* _EXERCISE PROMPT_
Give the data again exactly, without its images.

Segment Start: SOURCE DATA

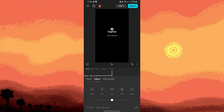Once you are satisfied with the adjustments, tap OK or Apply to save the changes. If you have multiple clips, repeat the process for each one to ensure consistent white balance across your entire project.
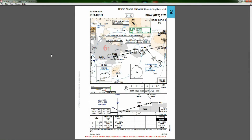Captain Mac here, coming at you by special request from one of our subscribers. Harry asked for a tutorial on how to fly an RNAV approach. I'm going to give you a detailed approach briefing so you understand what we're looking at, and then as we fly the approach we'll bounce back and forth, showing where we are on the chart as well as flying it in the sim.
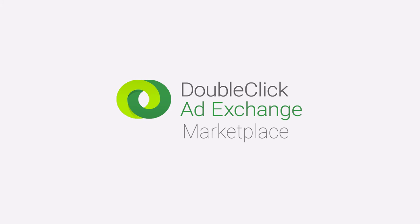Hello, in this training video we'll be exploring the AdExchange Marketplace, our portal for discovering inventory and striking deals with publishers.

Segment End: SOURCE DATA

* _SOLUTION_
Once you are satisfied with the adjustments, tap OK or Apply to save the changes. If you have multiple clips, repeat the process for each one to ensure consistent white balance across your entire project.
Captain Mac here, coming at you by special request from one of our subscribers. Harry asked for a tutorial on how to fly an RNAV approach. I'm going to give you a detailed approach briefing so you understand what we're looking at, and then as we fly the approach we'll bounce back and forth, showing where we are on the chart as well as flying it in the sim.
Hello, in this training video we'll be exploring the AdExchange Marketplace, our portal for discovering inventory and striking deals with publishers.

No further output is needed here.